Your instructions =>
Please repeat each line below exactly, with no images in the copy.

[Crawled caption data]
========================================================================
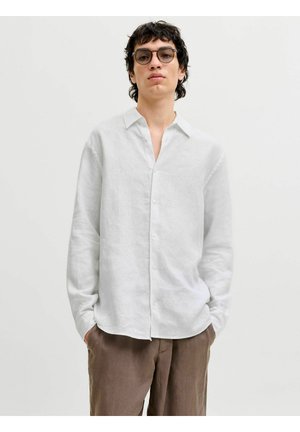 Jeune homme portant des lunettes rondes, une chemise blanche à boutons avec col, et un pantalon marron, debout les mains dans les poches devant un fond uni.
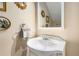 Vintage style bathroom featuring a decorative sink and mirror with unique gold sunburst accents at 1071 Standard Ne Dr, Brookhaven, GA 30319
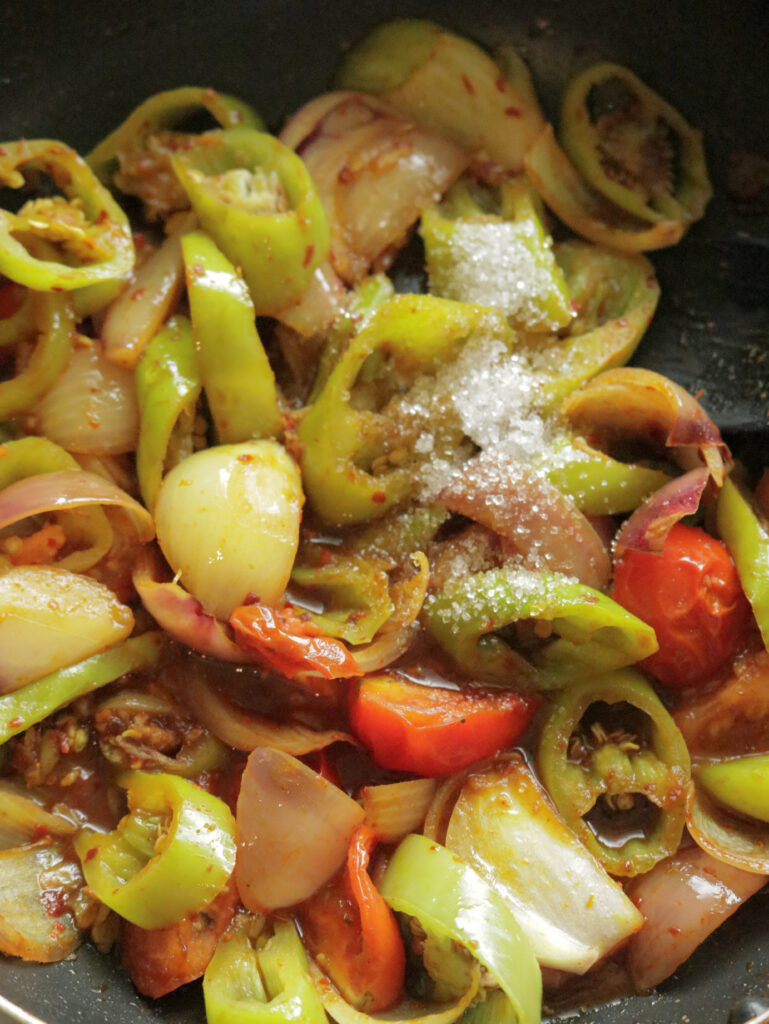 adding sugar to the wedges of green peppers and onions to make the devilled sausages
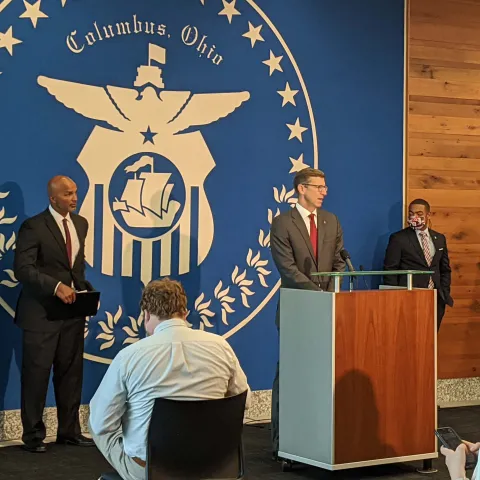 speakers at front of a room at a press conference with reporters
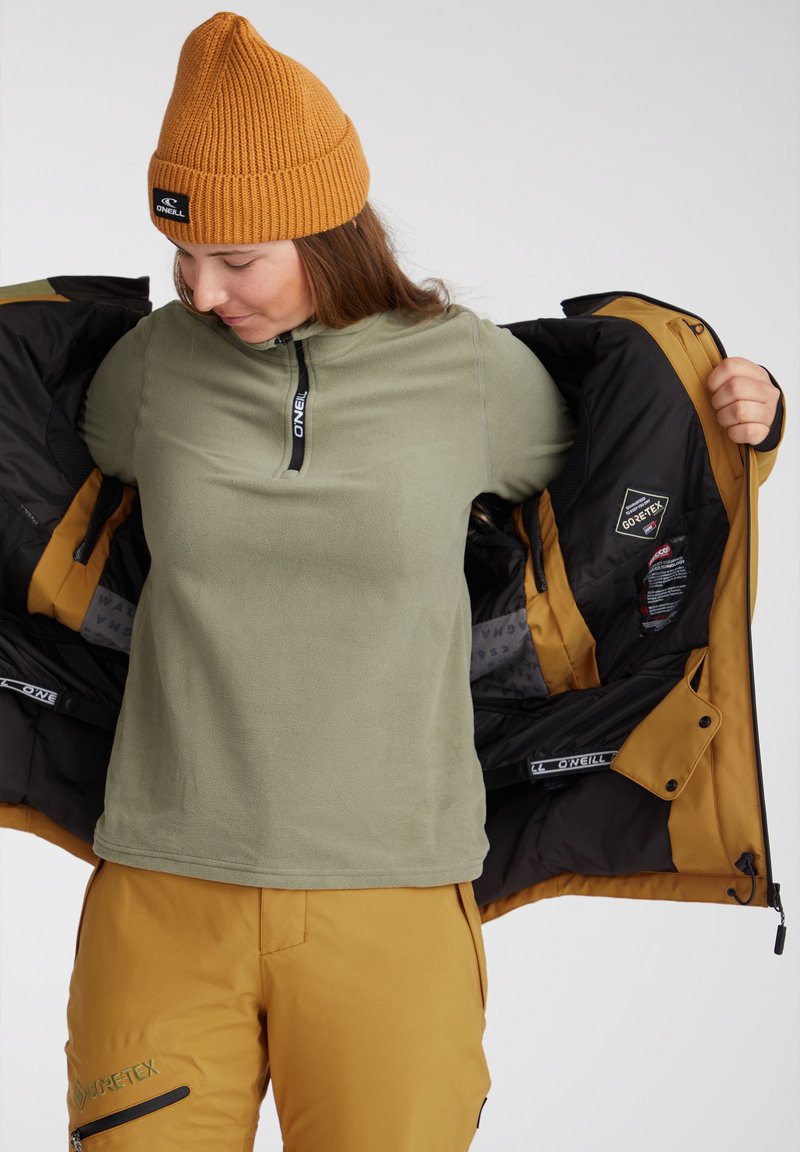 Olivgrüner Fleece-Pullover mit einem halben Reißverschluss, kombiniert mit gelben Hosen und einer gerippten, senfgelben Mütze, unter einer schwarz-goldenen Kapuzenjacke.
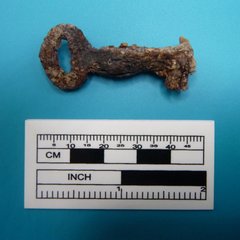 Skeleton key next to a ruler to show size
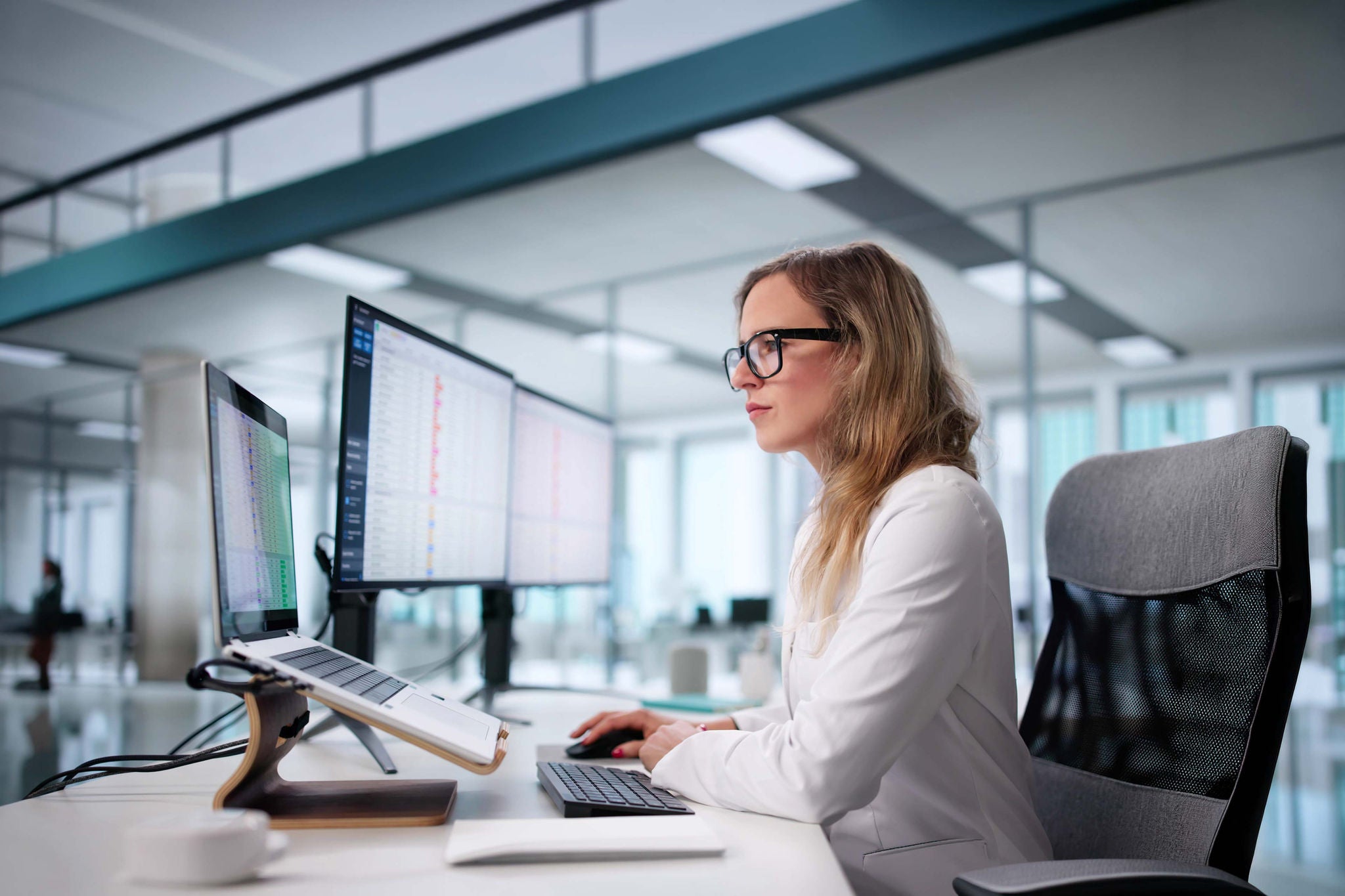 Frau arbeitet am Computer mit mehreren Monitoren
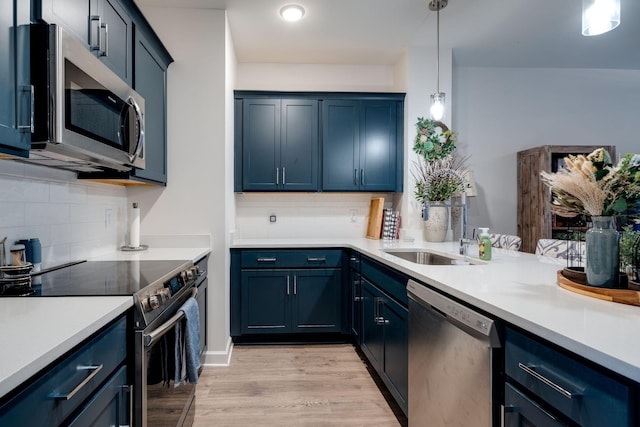 kitchen with blue cabinetry, stainless steel appliances, light hardwood / wood-style floors, and hanging light fixtures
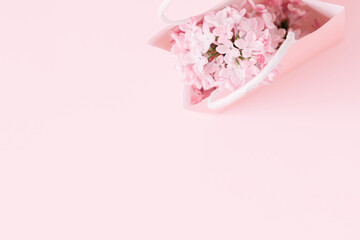 Spring pink flowers. Gift bag and lilac branches on pink background. Flat lay, top view, copy space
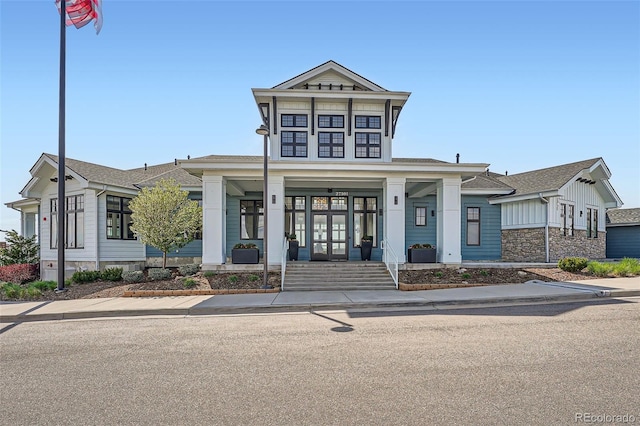 26731 E Hinsdale Pl, Aurora, CO 80016 - view of front of property featuring a porch, french doors, a shingled roof, and stone siding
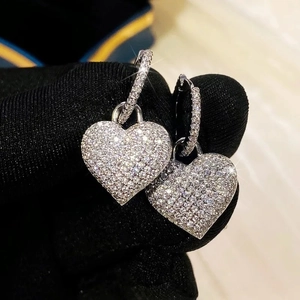 Makroaufnahme von Herzohrringen aus Silber mit Pavé-Kristallen auf Samt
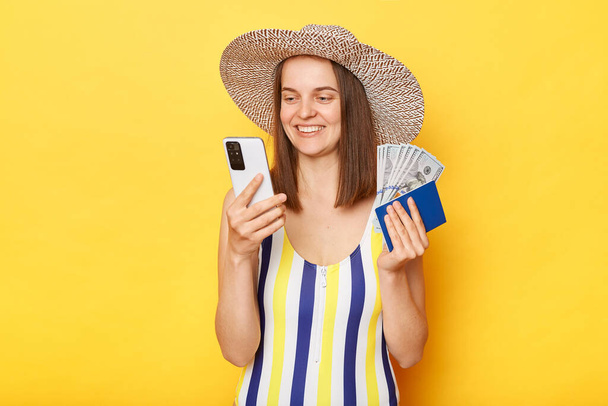 Optimistic smiling woman tourist holding cellphone passport booking tickets planning traveling wearing striped swimming suit posing isolated over yellow background - Φωτογραφία, εικόνα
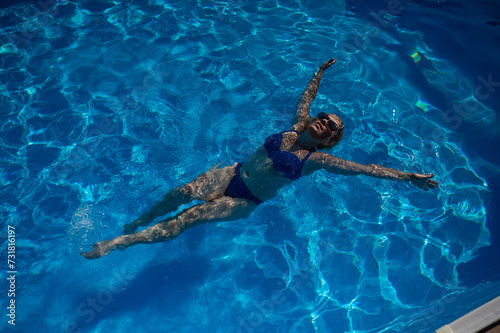An elderly woman in sunglasses swims on her back in the pool. Vacation in retirement. 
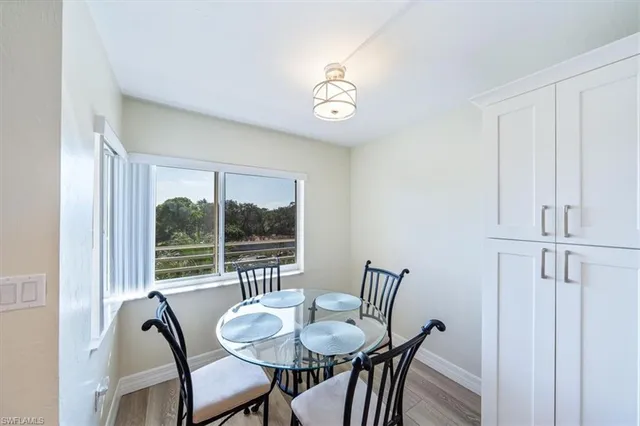 a view of a dining room with furniture window and outside view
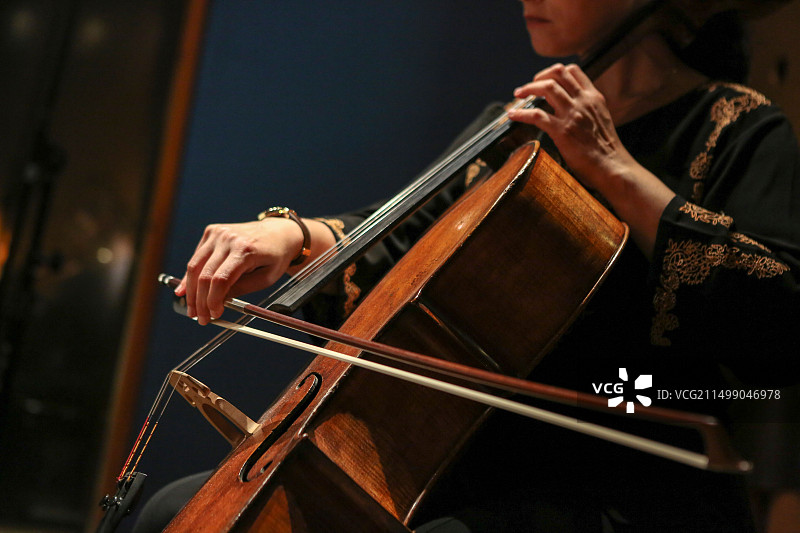 大提琴演奏者手部与琴弓特写图片素材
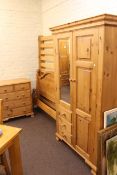 Three piece pine bedroom suite comprising combination wardrobe,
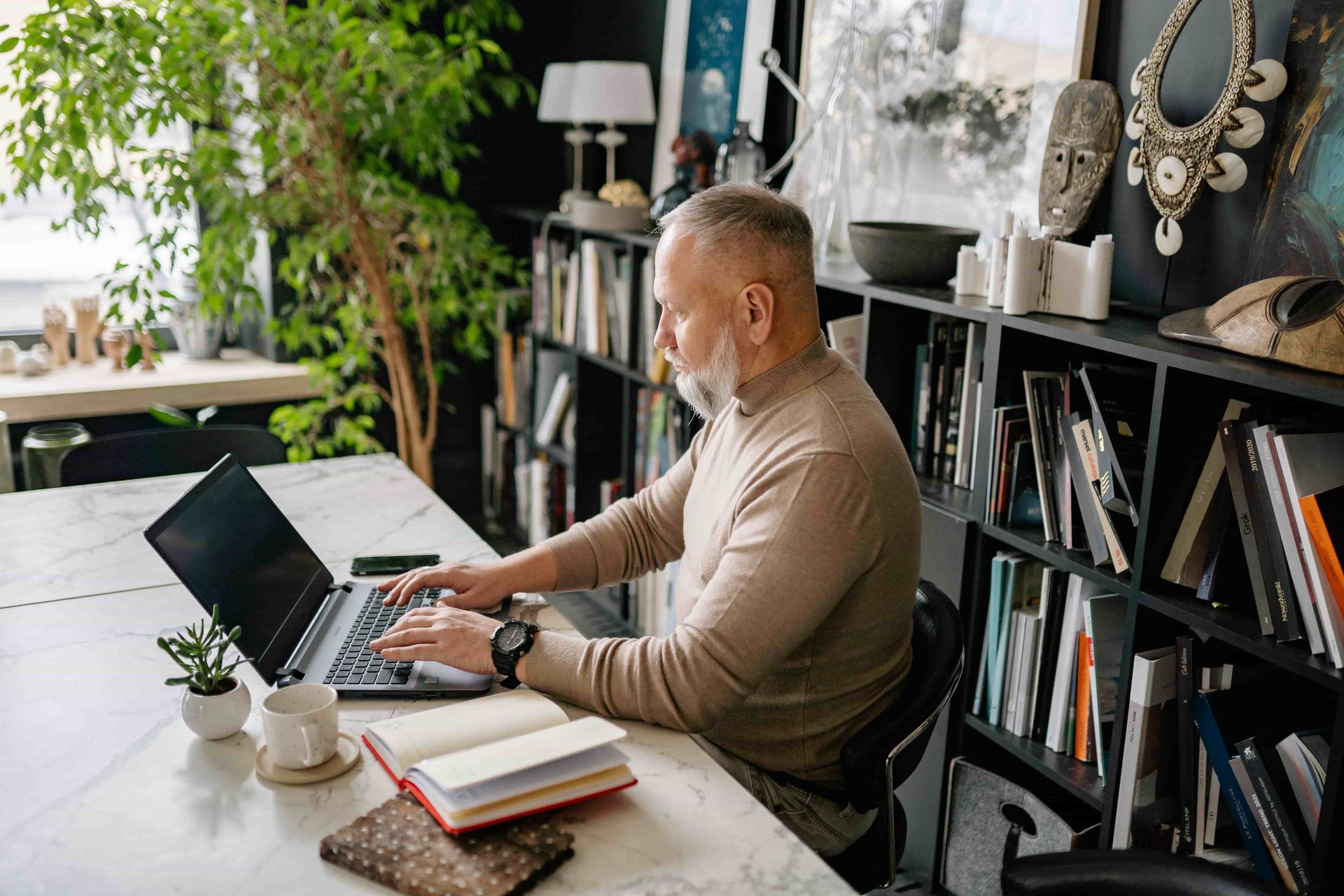 Person working on a laptop at a desk in a cozy home office with bookshelves and plants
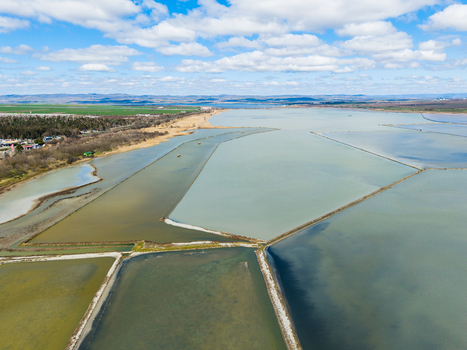 Aerial view of Lake Atanasovsko showing geometric salt evaporation ponds and narrow dikes under a blue sky with clouds in Burgas Burgas Bulgaria. Aerial view of Lake Atanasovsko showing geometric salt evaporation ponds and narrow dikes under a blue sky with clouds in Burgas Burgas Bulgaria.
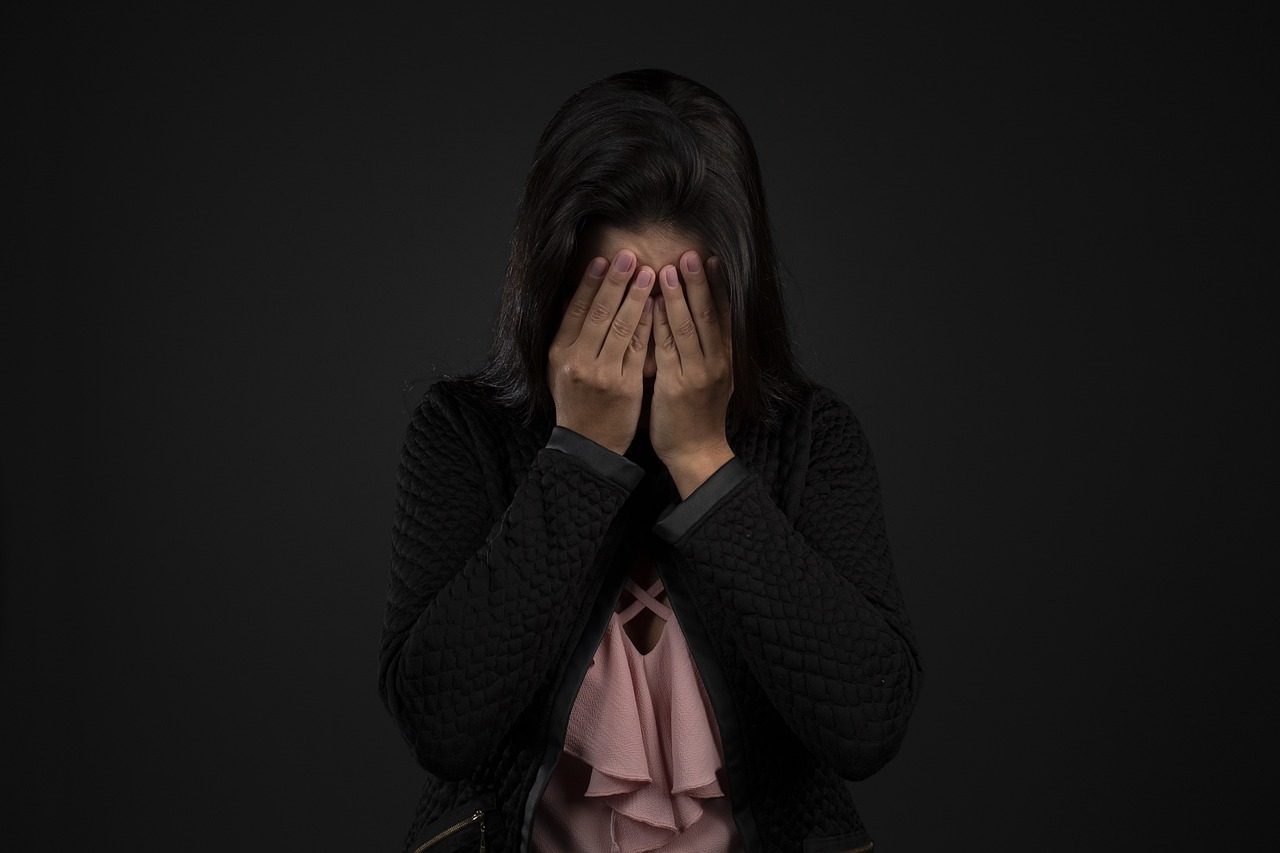 una donna depressa con le mani sul volto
========================================================================
Response for this exercise =>
 Jeune homme portant des lunettes rondes, une chemise blanche à boutons avec col, et un pantalon marron, debout les mains dans les poches devant un fond uni.
 Vintage style bathroom featuring a decorative sink and mirror with unique gold sunburst accents at 1071 Standard Ne Dr, Brookhaven, GA 30319
 adding sugar to the wedges of green peppers and onions to make the devilled sausages
 speakers at front of a room at a press conference with reporters
 Olivgrüner Fleece-Pullover mit einem halben Reißverschluss, kombiniert mit gelben Hosen und einer gerippten, senfgelben Mütze, unter einer schwarz-goldenen Kapuzenjacke.
 Skeleton key next to a ruler to show size
 Frau arbeitet am Computer mit mehreren Monitoren
 kitchen with blue cabinetry, stainless steel appliances, light hardwood / wood-style floors, and hanging light fixtures
 Spring pink flowers. Gift bag and lilac branches on pink background. Flat lay, top view, copy space
 26731 E Hinsdale Pl, Aurora, CO 80016 - view of front of property featuring a porch, french doors, a shingled roof, and stone siding
 Makroaufnahme von Herzohrringen aus Silber mit Pavé-Kristallen auf Samt
 Optimistic smiling woman tourist holding cellphone passport booking tickets planning traveling wearing striped swimming suit posing isolated over yellow background - Φωτογραφία, εικόνα
An elderly woman in sunglasses swims on her back in the pool. Vacation in retirement. 
 a view of a dining room with furniture window and outside view
 大提琴演奏者手部与琴弓特写图片素材
 Three piece pine bedroom suite comprising combination wardrobe,
 Person working on a laptop at a desk in a cozy home office with bookshelves and plants
 Aerial view of Lake Atanasovsko showing geometric salt evaporation ponds and narrow dikes under a blue sky with clouds in Burgas Burgas Bulgaria. Aerial view of Lake Atanasovsko showing geometric salt evaporation ponds and narrow dikes under a blue sky with clouds in Burgas Burgas Bulgaria.
 una donna depressa con le mani sul volto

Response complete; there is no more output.